ADI 5766: a saga continua, em busca da dignidade e do acesso à justiça
Por Jorge Luiz Souto Maior
Depois que o STF declarou a inconstitucionalidade do § 4o do art. 791-A da CLT, introduzido pela Lei n. 13.467/17, considerou-se que a prática das condenações de trabalhadores e trabalhadoras ao pagamento de honorários advocatícios a patronos dos empregadores (reclamados) estava banida das lides trabalhistas.
Ledo engano. Até porque, como se diz, “alegria de pobre dura pouco”.
O que se tem verificado na jurisprudência é a manutenção da mesma situação anterior como se o julgamento do STF, ao cumprir a Constituição e garantir o acesso à justiça ao pobre, não tivesse ocorrido.

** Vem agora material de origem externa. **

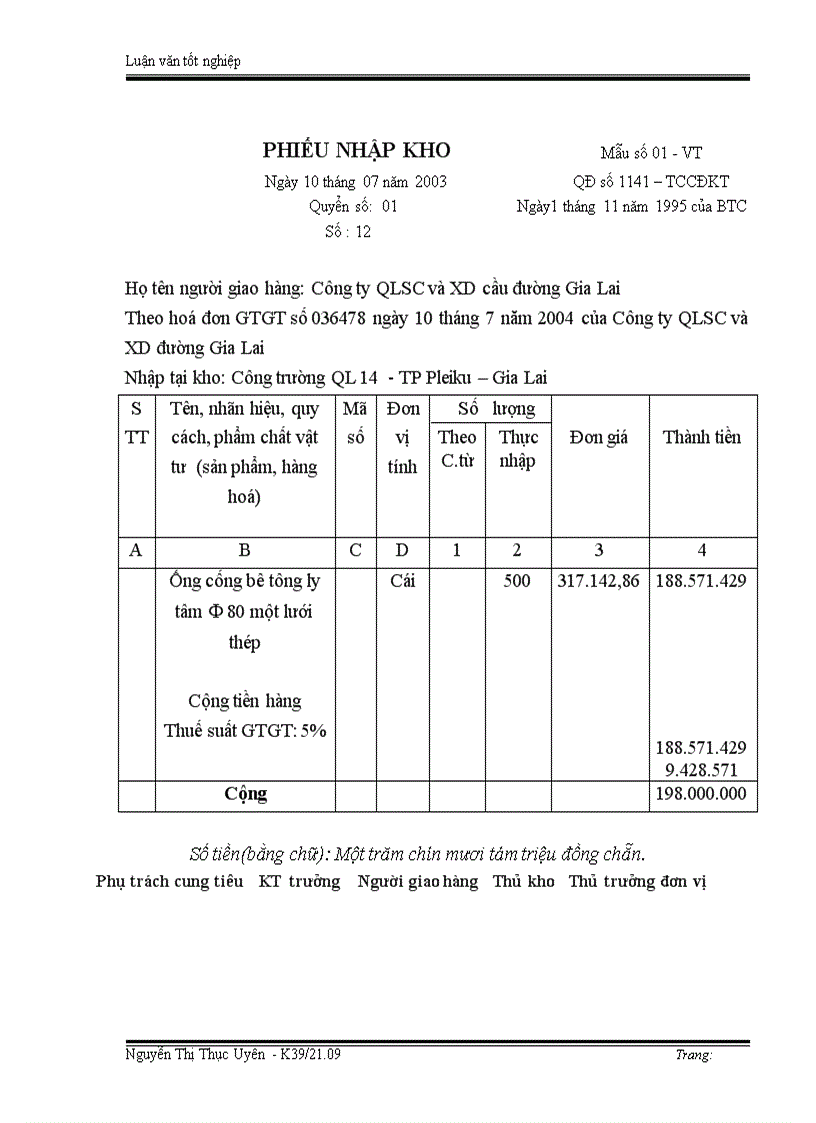 image for page Tổ chức công tác kế toán nguyên vật liệu ở Công ty xây dựng số 8 Thăng Long 1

A tese jurídica adotada para produzir este resultado é a de que o STF só teria declarado a inconstitucionalidade da parte do dispositivo em questão que condicionava a isenção do pagamento dos honorários advocatícios pelo beneficiário da justiça gratuita ao fato deste não ter “obtido em juízo, ainda que em outro processo, créditos capazes de suportar a despesa”.
E ainda se diz que esta delimitação teria sido esclarecida no julgamento dos Embargos Declaratórios apresentados na mesma ação.

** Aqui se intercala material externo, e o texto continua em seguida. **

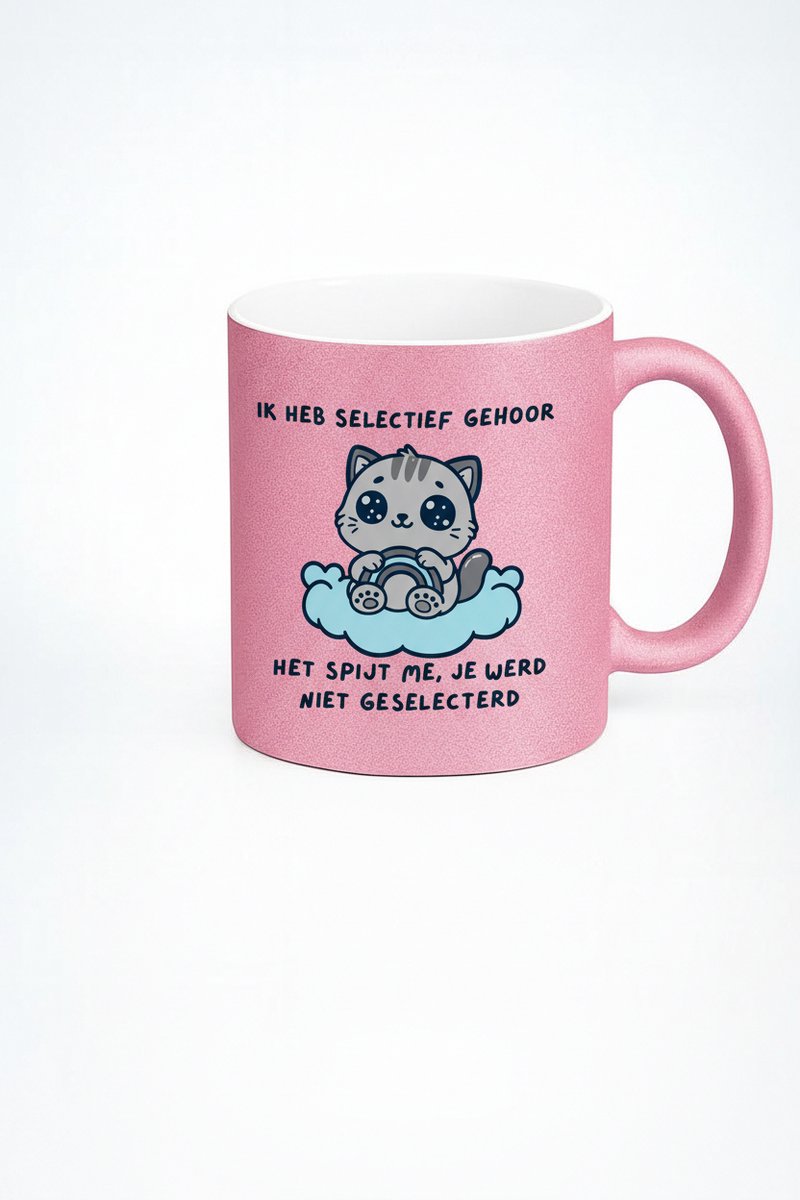 Grappige Mok "Selectief Gehoor" - Uniek Cadeau voor Kattenliefhebbers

Um fator muito importante que se encontra subjacente no entendimento em questão é de que a ele só se chega pelo exercício de uma vontade determinada de continuar mantendo trabalhadores e trabalhadoras sob a espada do custo processual e, com isto, dificultar o seu acesso à justiça.

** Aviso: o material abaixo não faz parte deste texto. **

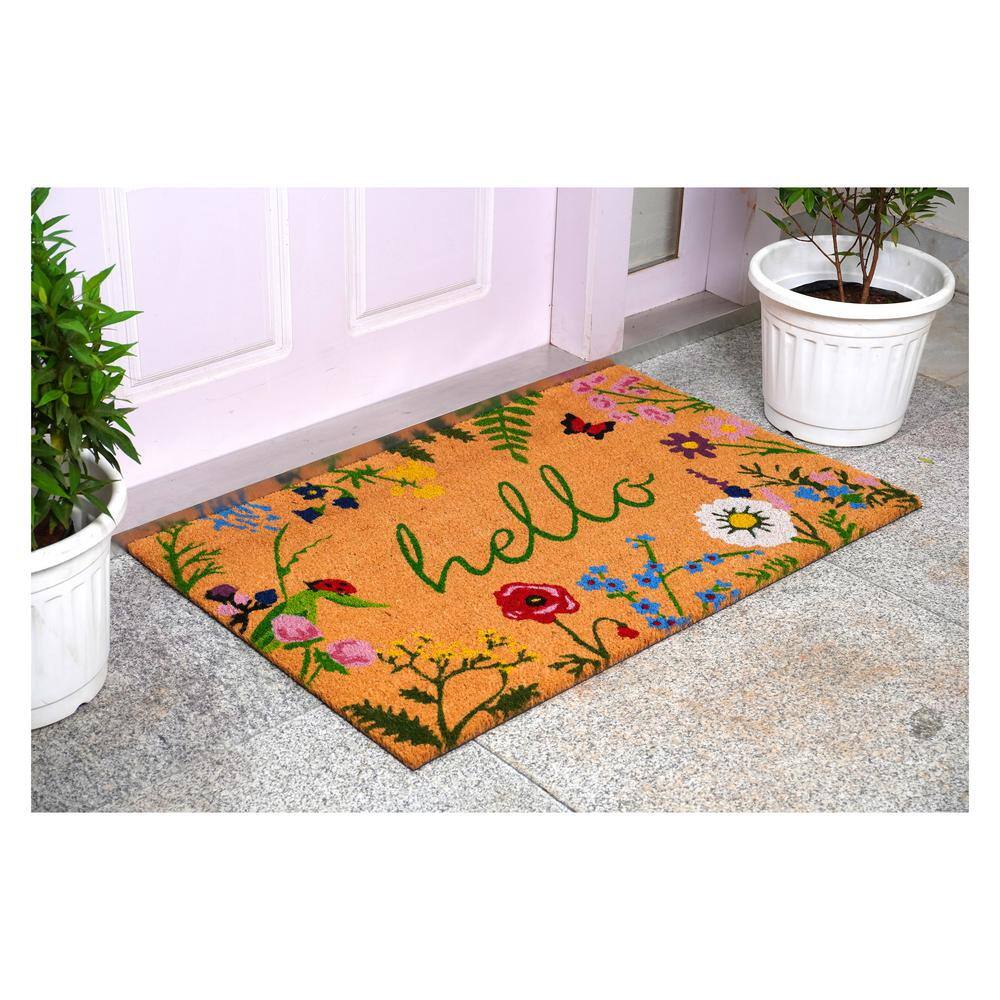 Floral Hello Coir Rectangular Outdoor Doormat, 24" x 36"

Apenas por este aspecto já seria condenável, por ser contrário à lógica processual da ampliação do acesso à justiça como fator de efetivação da cidadania e garantia da dignidade.
Mas é bem pior porque, como dito, para se chegar a ele é preciso fazer um esforço interpretativo muito grande, que chega ao efeito de negar a própria literalidade da decisão, que, em momento algum, diz isto expressamente, nem no Acórdão, nem na decisão dos Embargos.
Senão vejamos.
A conclusão da ADI 5766 foi no seguinte sentido:
“Vistos, relatados e discutidos estes autos, os Ministros do Supremo Tribunal Federal, em Plenário, sob a Presidência do Senhor Ministro LUIZ FUX, em conformidade com a ata de julgamento e as notas taquigráficas, por maioria, acordam em julgar parcialmente procedente o pedido formulado na ação direta, para declarar inconstitucionais os arts. 790-B, caput e § 4º, e 791-A, § 4º, da Consolidação das Leis do Trabalho (CLT), nos termos do voto do Ministro ALEXANDRE DE MORAES, Redator para o acórdão, vencidos, em parte, os Ministros ROBERTO BARROSO (Relator), LUIZ FUX (Presidente), NUNES MARQUES e GILMAR MENDES. E acordam, por maioria, em julgar improcedente a ação no tocante ao art. 844, § 2º, da CLT, declarando-o constitucional, vencidos os Ministros EDSON FACHIN, RICARDO LEWANDOWSKI e ROSA WEBER.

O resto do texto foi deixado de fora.